In this position, the upper end of the sample, once clamped by the jig, becomes a fixed position in which displacement does not occur during hydrothermal shrinkage of the sample. It is the opposite lower end that enjoys freedom of movement and will rise as the contraction of each specimen occurs.

Each suspended lower gripping clip provided with its corresponding loop 7 is fastened independently to the end of a thin flexible and light wire 9 made of a high tenacity woven fibrous material with virtually zero elasticity (less than 10% longitudinal expansion between 0 and 100 °) to avoid deformation of the displacement measurement caused by thermal contraction of the test specimen. Each braided wire attached to the suspension claw of the test specimen is led from inside to outside the bath through a small pulley 10 made of, for example, plastic (preferably nylon or teflon) and finally attached at its distal end to an analog displacement measuring element located in a cell 11 in which all terminals of the test specimen are connected in the same way. The unit contains a displacement sensor for each sample connected by wires. It also allows visual reading by the position of the flange relative to the adjacent metric scale (in millimeters).

Below the hydrothermal vessel is placed an adjustable heating system 3, which is also equipped for magnetic stirring by means of magnets. Through which heating of the liquid in the bath will be performed.

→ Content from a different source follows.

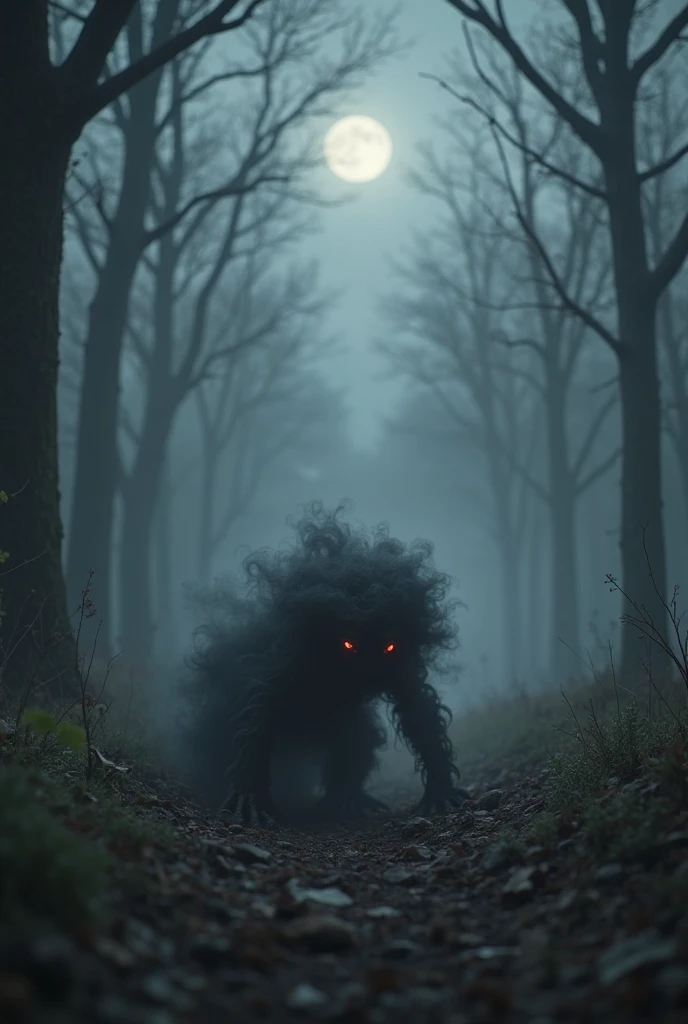 Monster coming out from forest, Scary dark night, Long and Large trees, Blood, Mountain in background, 8k picture
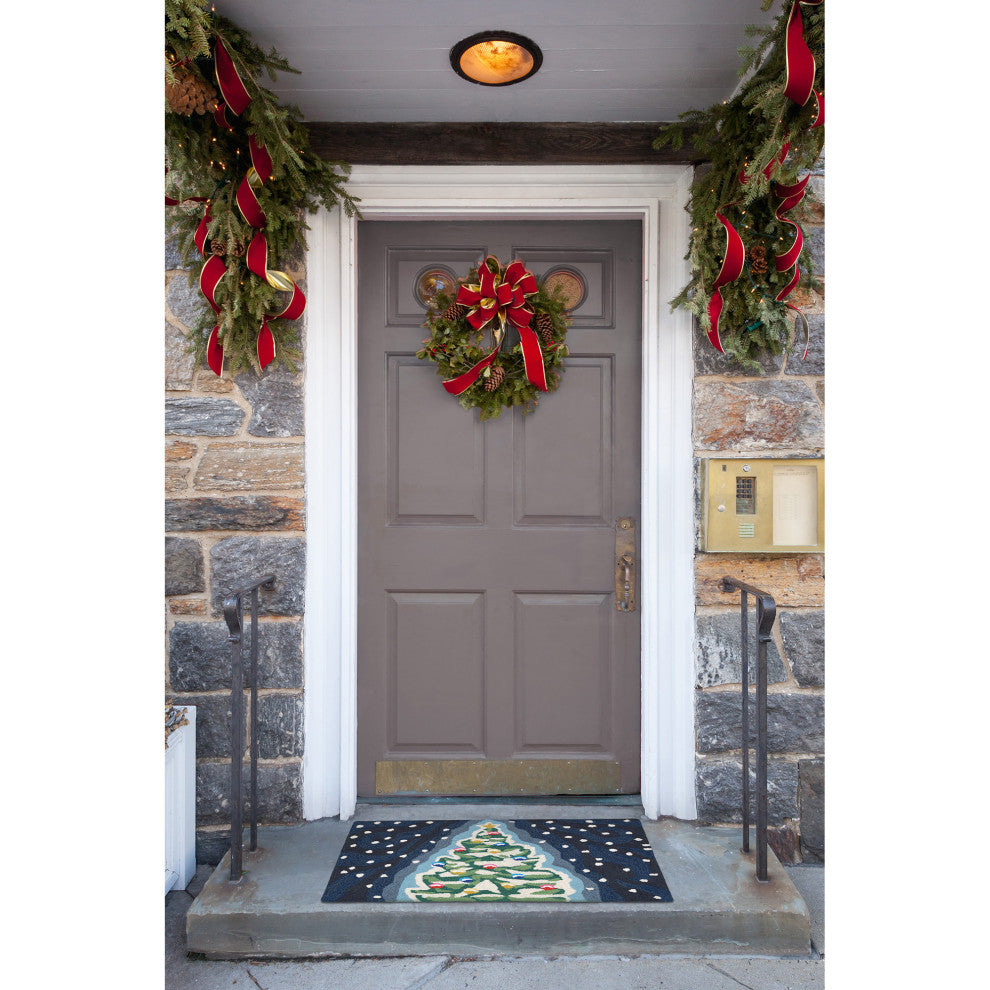 Frontporch Xmas Tree Indoor/Outdoor Rug Midnight 2'x3'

The analog measuring and converting element (fig. 3) comprises a linear variable displacement converting unit (LVDT)17, which is a tubular unit, identical to each other, provided with three electromagnetic coils, each guided by an internal rod 14 and placed vertically in a group, duplicating the sequence of the group of samples from which it comes. The vertical displacement of the vertical tubular unit relative to its shaft is converted into a signal which is recorded in the processor 13. The displacement versus temperature graph may be implemented by a sequencer.

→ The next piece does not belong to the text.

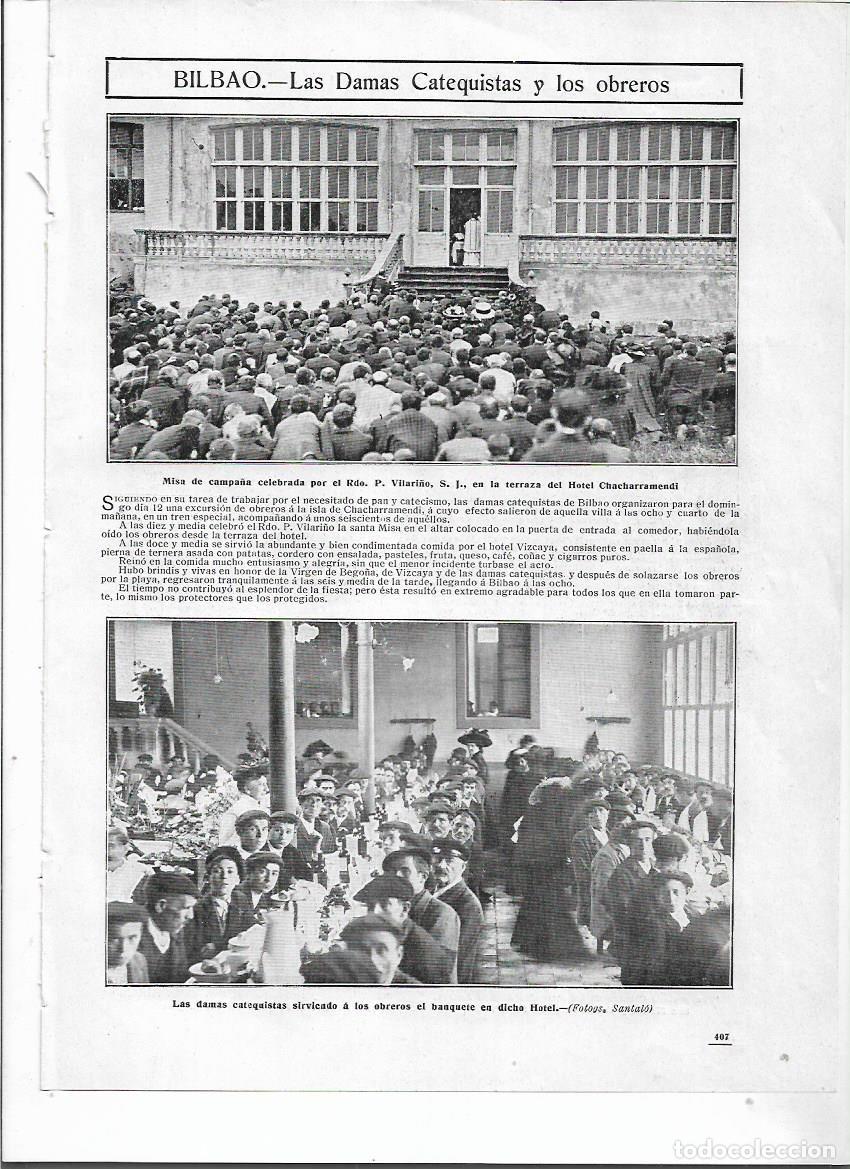Coleccionismo: A&Ntilde;O 1910 RECORTE PRENSA BILBAO LAS DAMAS CATEQUISTAS Y LOS OBREROS HOTEL CHACHARRAMENDI BANQUETE
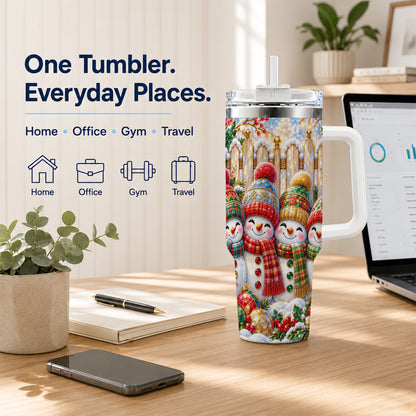 #pl[40oz|White] Jeweled Snowman Friends 40oz Tumbler with Handle, Christmas Travel Cup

In order to make the testing process visually visible, each tubular unit has a flange 15 which protrudes through a vertical groove 16 so that all flanges are positioned vertically at the same height, thereby creating a horizontal alignment. The length of the vertical groove through which the flange projects is always considered to be greater than the maximum contraction length of the test specimen to be tested, the length thereof between the jaws also being predetermined for the described testing device. For example, the cut specimen is 15cm long and once clamped, the free distance between the jaws is 10 cm. Under these premises, the length of the groove of the measuring device is also set to 10cm, which can be measured by a silk-screen metric scale adjacent to the groove.

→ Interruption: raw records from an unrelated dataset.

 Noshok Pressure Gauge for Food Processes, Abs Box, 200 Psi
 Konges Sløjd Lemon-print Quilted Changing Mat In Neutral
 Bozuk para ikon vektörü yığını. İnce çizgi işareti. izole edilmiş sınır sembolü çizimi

The detailed process is as follows:

1) cutting "n" samples into rectangular strips having a length of 15cm and a width of 2cm in the machine direction;

2) immersing the sample in the bath solution for 15 minutes until the water content of the osmotic absorption is balanced;

3) the strips bundled by the jaws are placed according to the schematic of fig. 1 and the cells are supported by horizontal rods in the mouth of the hydrothermal vessel;

4) calibrating the starting position of each sample to zero in the simulation apparatus by the programmer and the processor;

5) once the heating ramp of the bath has been selected, for example 2 ℃/min, and since the approximate initial shrinkage temperature of the collagen is known, water preheated from the bath, for example to 55 ℃, is introduced to cover almost all of the sample, and it begins to be heated by the heater;

6) the contraction of the specimen causes a displacement of the sensor element and the flange of the transducer unit and the digital signal of the device together with the digital signal from the temperature probe is received and integrated by the processor where a graph with recorded data will be generated, e.g. a graph of the ordinate L against the temperature, or other graphs, e.g. the derivative dL/dT of the ordinate against the temperature.

In view of this description and the accompanying drawings, it will be understood by those skilled in the art that the present invention has been described in terms of some preferred embodiments thereof, but that various changes may be introduced therein without departing from the subject matter of the invention as claimed.